Obviously, it's not just the fifteen minute program. It's my fear that I won't be able to carry these twins safely.
xoxo
Really it's not surprising that trying to figure out the logistics for having my cerclage done in two days sent me over the edge. Because in reality, there are a lot of things about this pregnancy that scare the crap out of me.
When I first found out I was possibly pregnant with twins, I had little expectation that the one empty sac would develop like the other sac in my uterus that had a small flicker of a heartbeat. Yet at eight weeks, both sacs showed healthy heartbeats with one measuring just two days behind the other which explained the empty sac during the first ultrasound.
The doctor did not congratulate me or smile like you would imagine. Instead he looked at me grimly and said, well this is going to be complicated. That comment pretty much set the tone for the onslaught of fear that ensued over the next three weeks. While I continued to be happy that I was pregnant, I feared the reality of carrying a twin pregnancy to term. And then, how the hell was I going to handle twins and a rowdy three year old? I wanted them, but I was very afraid. When you added in hurling and constant nausea, I was just a hot mess.
Things began to change for me once I talked to IVFlygirl. After all, she has two beautiful kiddos with the same genetics who were awesome babies and now toddlers. Along with my husband, she was the biggest influence on the calming of my fears on how I could handle adding twins to our family.
Between the regular OB and the perinatologists, I have had doctors appointments every other week of my pregnancy. Over this time I have had multiple discussions with both of them about having a cerclage placed. Because I am carrying twins, placing a preventative cerclage is different than a singleton. Essentially, the studies show that women with emergency cerclages in a multiple pregnancy fair worse than those without cerclages. The problem is that there is not data on cerclages with multiples which are preventative not emergent. After a lunch discussion between both doctors this week, they decided that they would offer me a cerclage. The perinatologist leans about 60/40 towards me getting a cerclage based upon my complicated past and current complex case. My husband and I decided to go ahead and proceed with a cerclage as this is what our gut has been telling us all along.

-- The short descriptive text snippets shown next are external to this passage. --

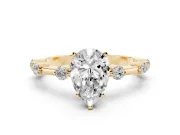Pear Cut Diamond Solitaire Ring Set in Yellow gold with Bezel Set Side Stones and Prong Setting
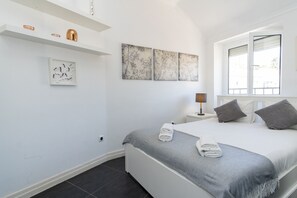 Ein Schlafzimmer mit einem Bett, einem Nachttisch, einer Lampe und Bildern an der Wand.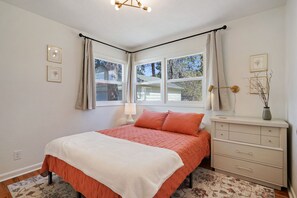 A bedroom with a bed, a dresser, a window with curtains, and a lamp.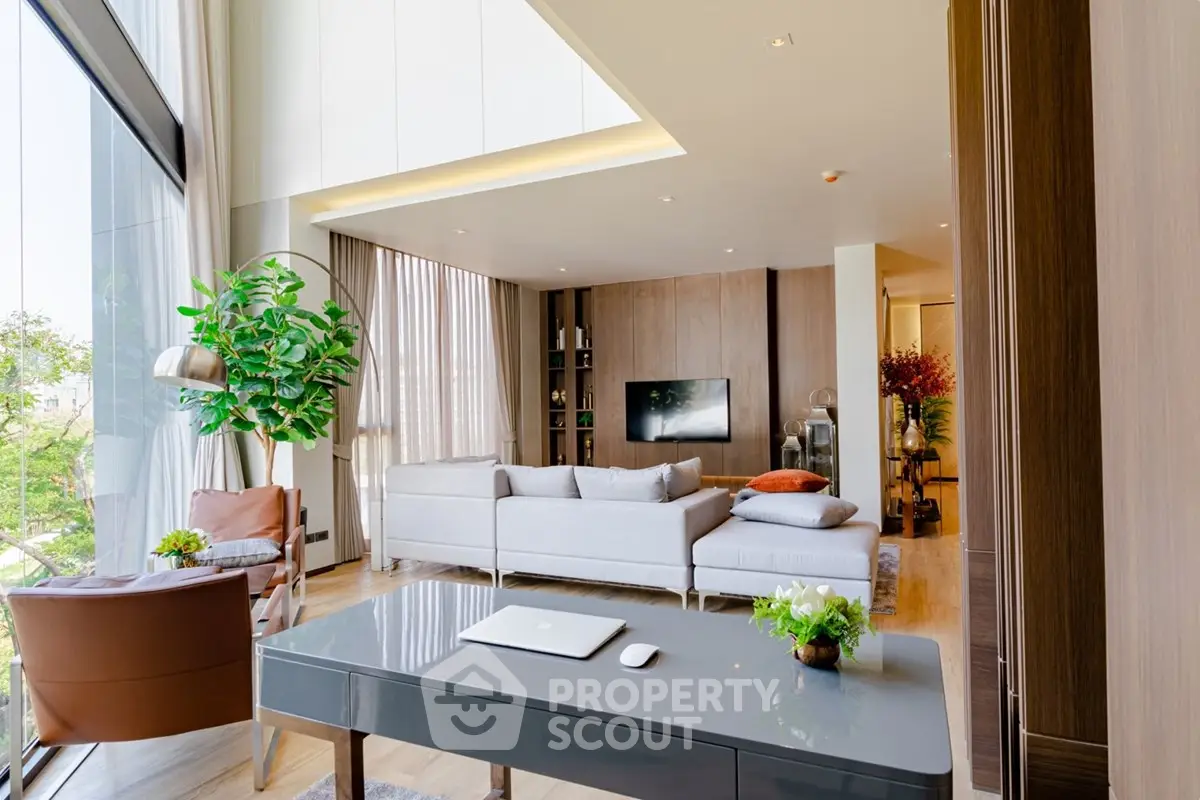 Spacious modern living room with large windows and stylish decor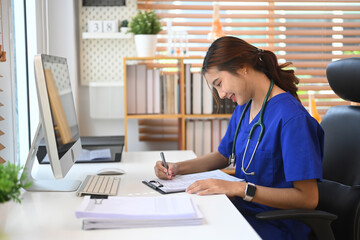 Smiling female doctor in a blue scrubs reviewing document in medical office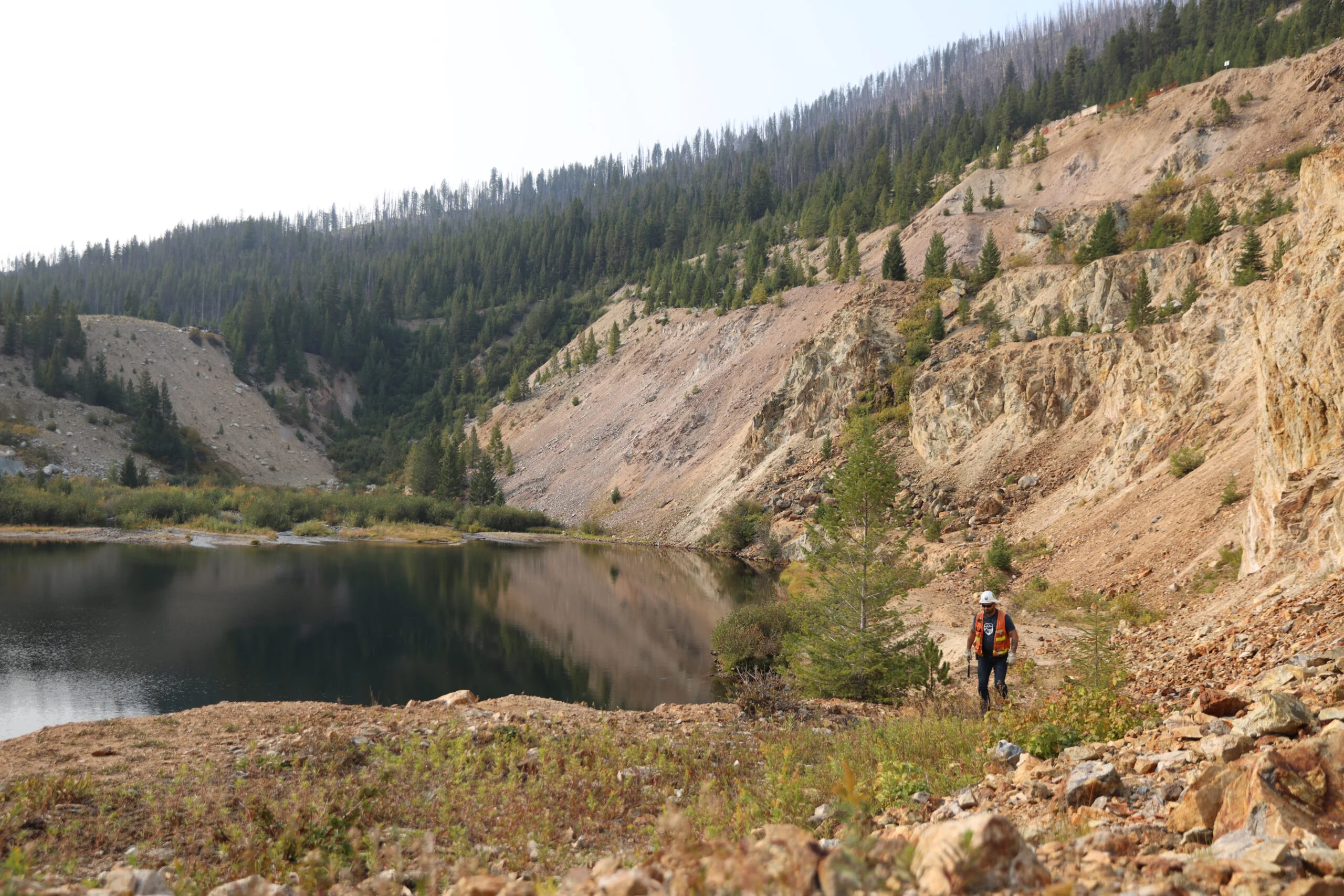 Field worker walking by pond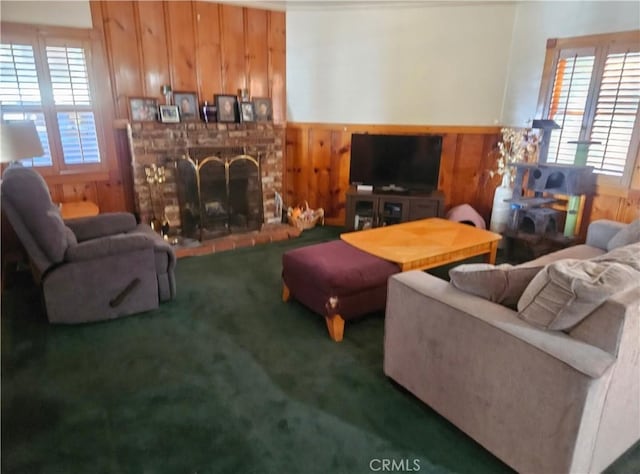 living room featuring a fireplace, carpet, and wood walls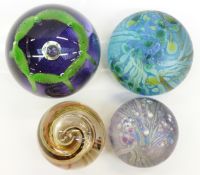 Four glass paperweights comprising Caithness Maydance in original box (74mm in diameter),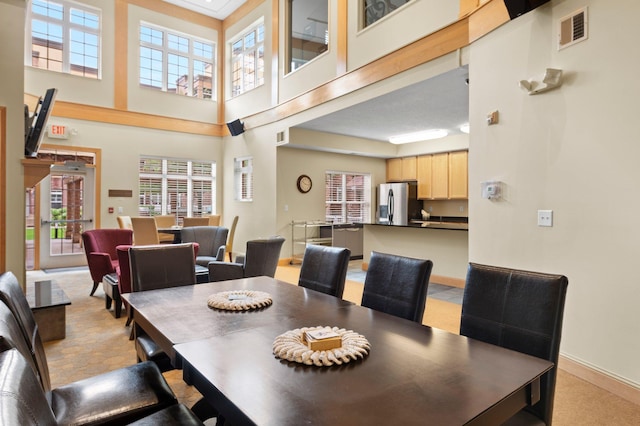 carpeted dining room featuring a towering ceiling and a healthy amount of sunlight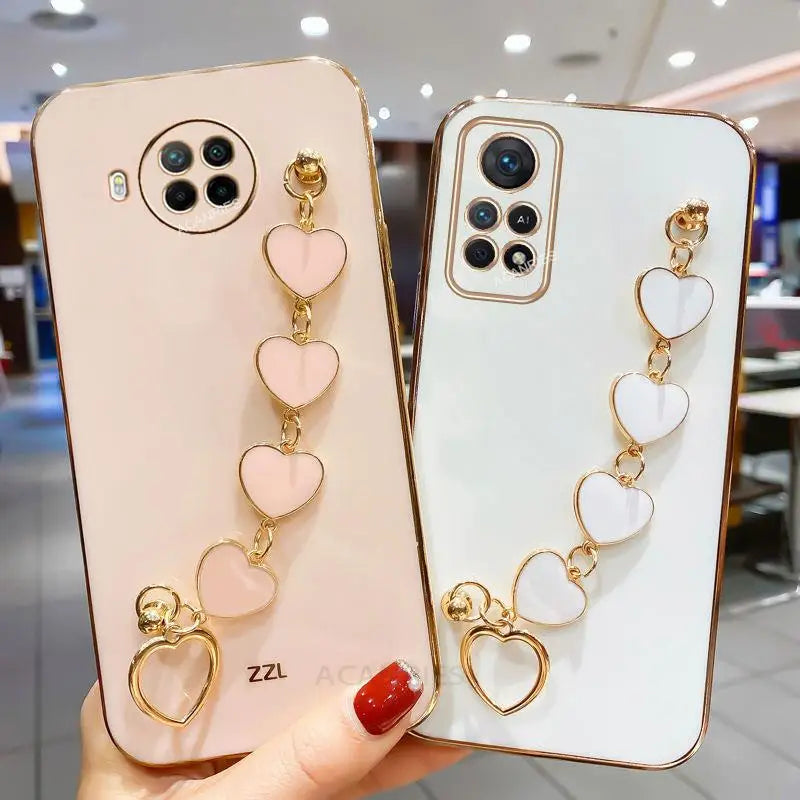 two phone cases with heart charms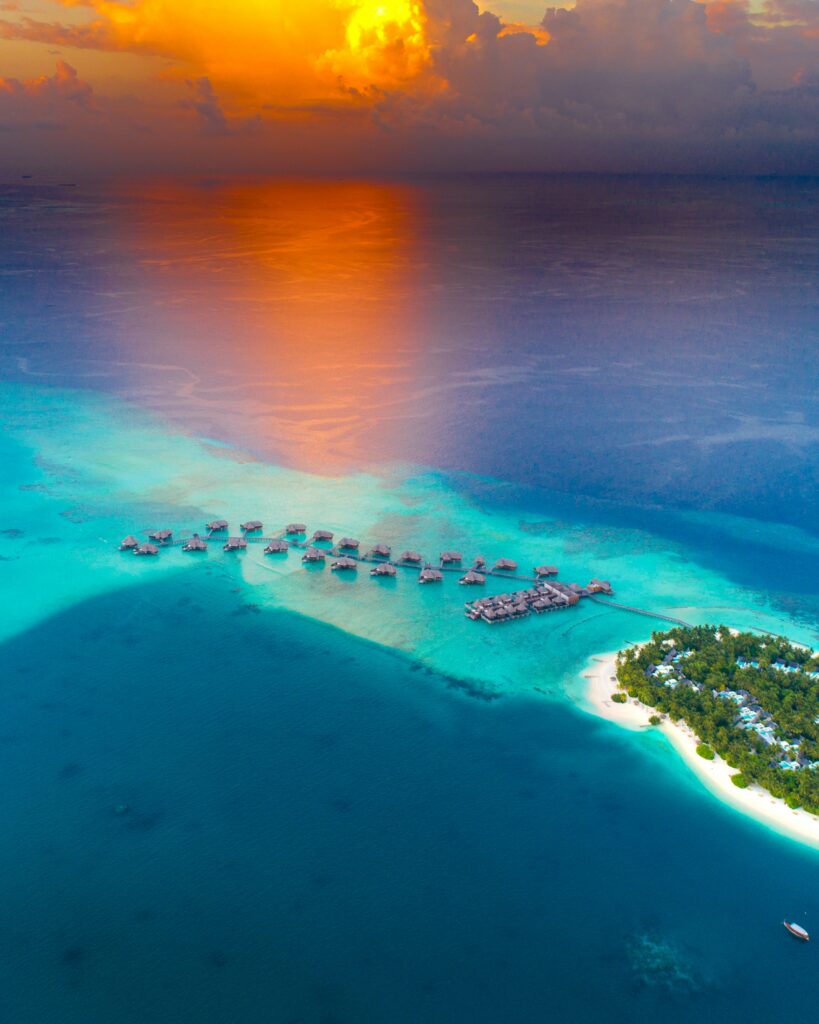 Aerial view of tropical island with turquoise water overwater bungalows and orange sunset beach Wallpaper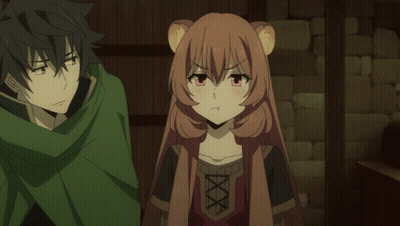A Man In A Green Cape Stands Next To A Girl In A Brown Outfit GIF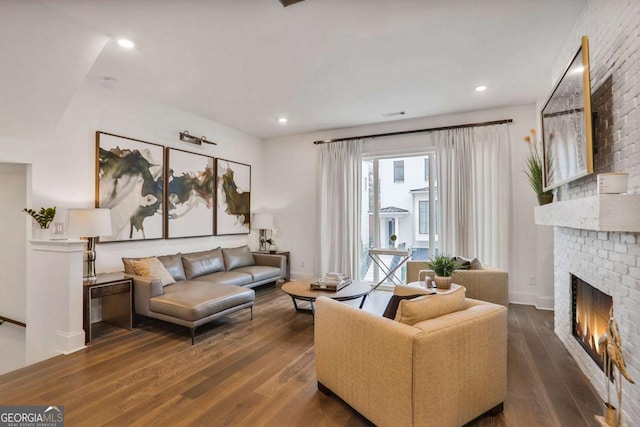 living room with a fireplace and dark hardwood / wood-style flooring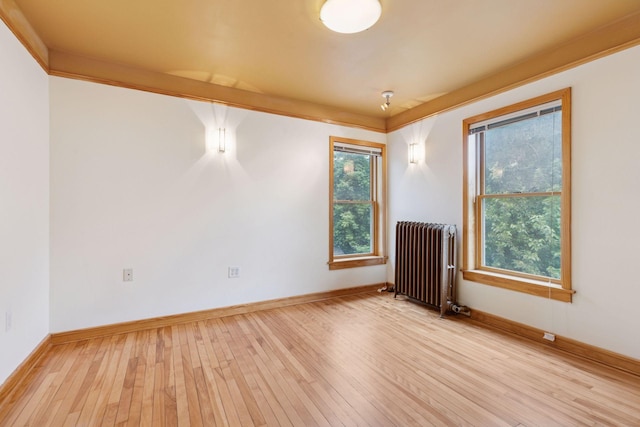 518 32nd St, Minneapolis, MN 55408 - spare room with radiator and light wood-style floors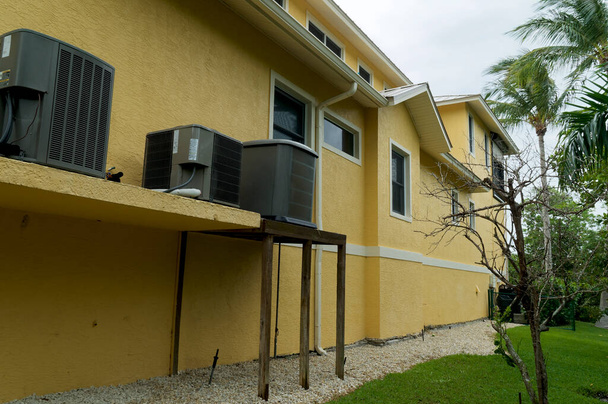 Florida 'daki palmiye ağaçlarıyla kaplı binanın dış tarafındaki hava kontrol birimlerini ya da klimaları gösteren uzun sarı ve beyaz bir bina. - Fotoğraf, Görsel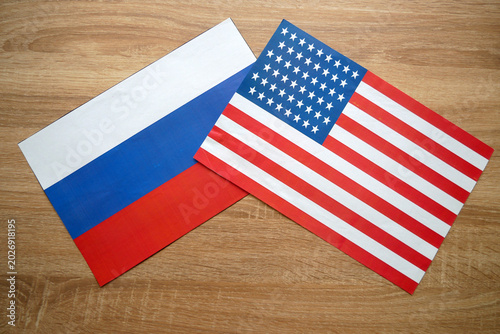 Russian and American Flags on Table. Russia USA Diplomatic Relations Concept.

My OB called me on the way home and has already scheduled me for the procedure on Thursday. Of course, having a three year old and no family around makes it slightly complicated for me to arrange childcare on short notice. My husband can not simply take a day off to help because of the military school he is attending. So I called people and figured most everything out until I realized E's Christmas program is on Friday. It's a small event in his classroom however I imagine him standing there looking around since he will be the only one without parents present. That image made me burst into tears. I haven't really stopped crying since.
Obviously, it's not just the fifteen minute program. It's my fear that I won't be able to carry these twins safely.